Elasticsearch REST API JSON specification

This repository contains a collection of JSON files which describe the Elasticsearch HTTP API.

Their purpose is to formalize and standardize the API, to facilitate development of libraries and integrations.

Example for the "Create Index" API:

{
  "indices.create": {
    "documentation":{
      "url":"https://www.elastic.co/guide/en/elasticsearch/reference/master/indices-create-index.html"
    },
    "stability": "stable",
    "url":{
      "paths":[
        {
          "path":"/{index}",
          "method":"PUT",
          "parts":{
            "index":{
              "type":"string",
              "description":"The name of the index"
            }
          }
        }
      ]
    },
    "params": {
      "timeout": {
        "type" : "time",
        "description" : "Explicit operation timeout"
      }
    },
    "body": {
      "description" : "The configuration for the index (`settings` and `mappings`)"
    }
  }
}

The specification contains:

  • The name of the API (indices.create), which usually corresponds to the client calls

  • Link to the documentation at the http://elastic.co website.

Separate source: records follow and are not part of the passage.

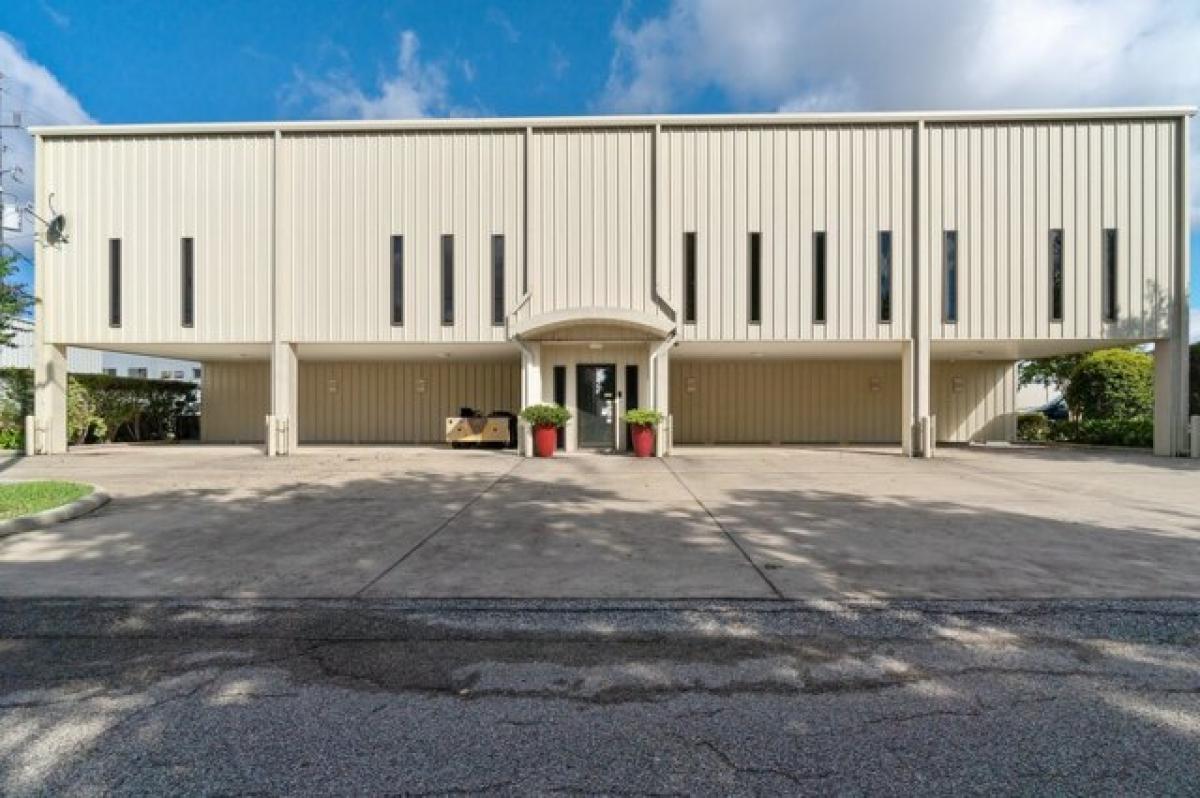 Picture of Home For Sale in Spring, Texas, United States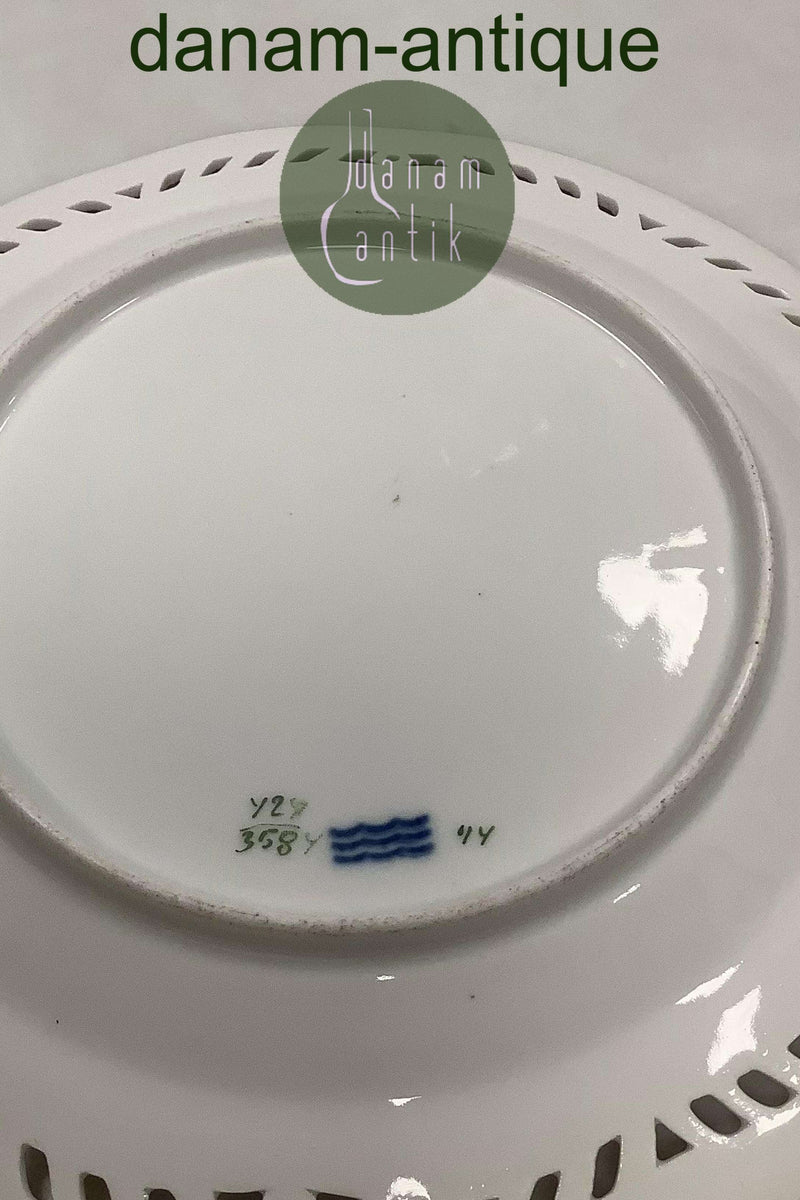 Royal Copenhagen Flora Danica Frugttallerken No 429/3584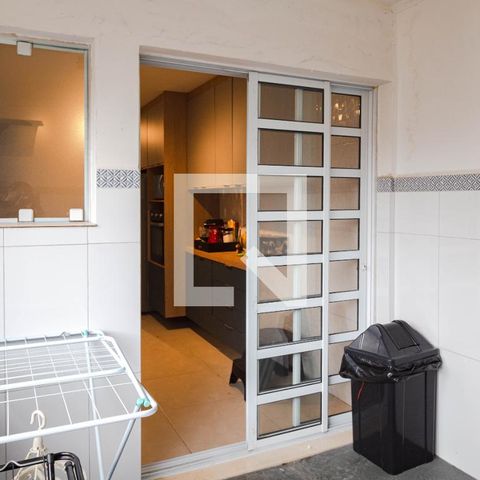 Casa para alugar com 430m², 3 quartos e 8 vagasLavanderia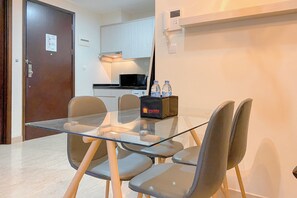 Standard Apartment | Dining room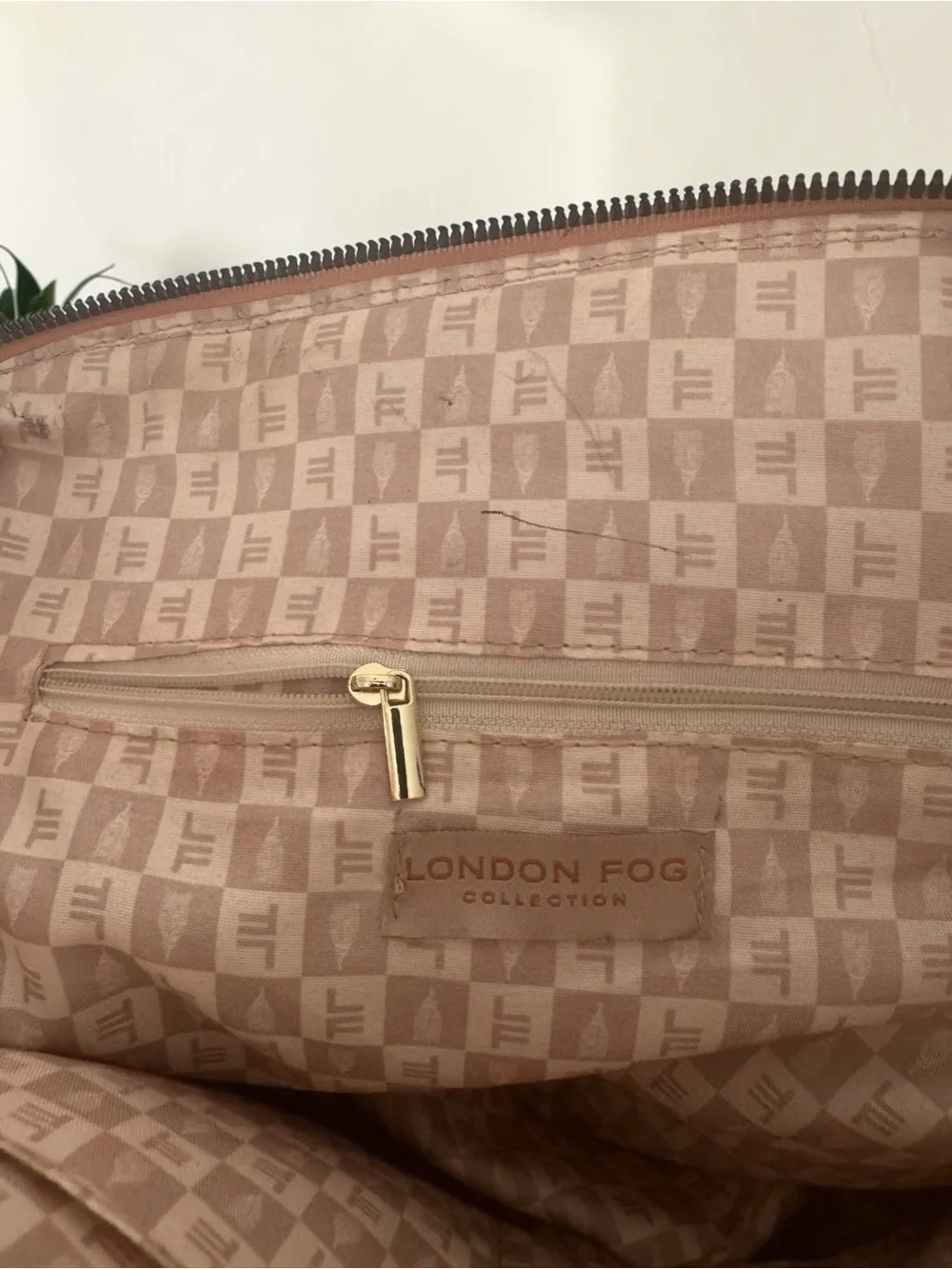 London Fog structured 11” satchel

    IMPORANT: This should be a live link. Several downstream ES clients use this link to generate their documentation. Using a broken link or linking to yet-to-be-created doc pages can break the Elastic docs build.

  • stability indicating the state of the API, has to be declared explicitly or YAML tests will fail

    • experimental highly likely to break in the near future (minor/path), no bwc guarantees. Possibly removed in the future.
    • beta less likely to break or be removed but still reserve the right to do so
    • stable No backwards breaking changes in a minor
  • Request URL: HTTP method, path and parts

  • Request parameters

  • Request body specification

NOTE If an API is stable but it response should be treated as an arbitrary map of key values please notate this as followed

{
  "api.name": {
    "stability" : "stable",
    "response": {
      "treat_json_as_key_value" : true
    }
  }
}

Backwards compatibility

The specification follows the same backward compatibility guarantees as Elasticsearch.

  • Within a Major, additions only.
  • If an item has been documented wrong it should be deprecated instead as removing these might break downstream clients.
  • Major version change, may deprecate pieces or simply remove them given enough deprecation time.

Deprecations

The specification schema allows to codify API deprecations, either for an entire API, or for specific parts of the API, such as paths or parameters.

Entire API:

{
  "api" : {
    "deprecated" : {
      "version" : "7.0.0",
      "description" : "Reason API is being deprecated"
    },
  }
}

Specific paths and their parts:

{
  "api": {
    "url": {
      "paths": [
        {
          "path":"/{index}/{type}/{id}/_create",
          "method":"PUT",
          "parts":{
            "id":{
              "type":"string",
              "description":"Document ID"
            },
            "index":{
              "type":"string",
              "description":"The name of the index"
            },
            "type":{
              "type":"string",
              "description":"The type of the document",
              "deprecated":true
            }
          },
          "deprecated":{
            "version":"7.0.0",
            "description":"Specifying types in urls has been deprecated"
          }
        }
      ]
    }
  }
}

Parameters

{
  "api": {
    "url": {
      "params": {
        "stored_fields": {
          "type": "list",
          "description" : "",
          "deprecated" : {
            "version" : "7.0.0",
            "description" : "Reason parameter is being deprecated"
          }
        }
      }
    }
  }
}

License

This software is licensed under the Apache License, version 2 ("ALv2").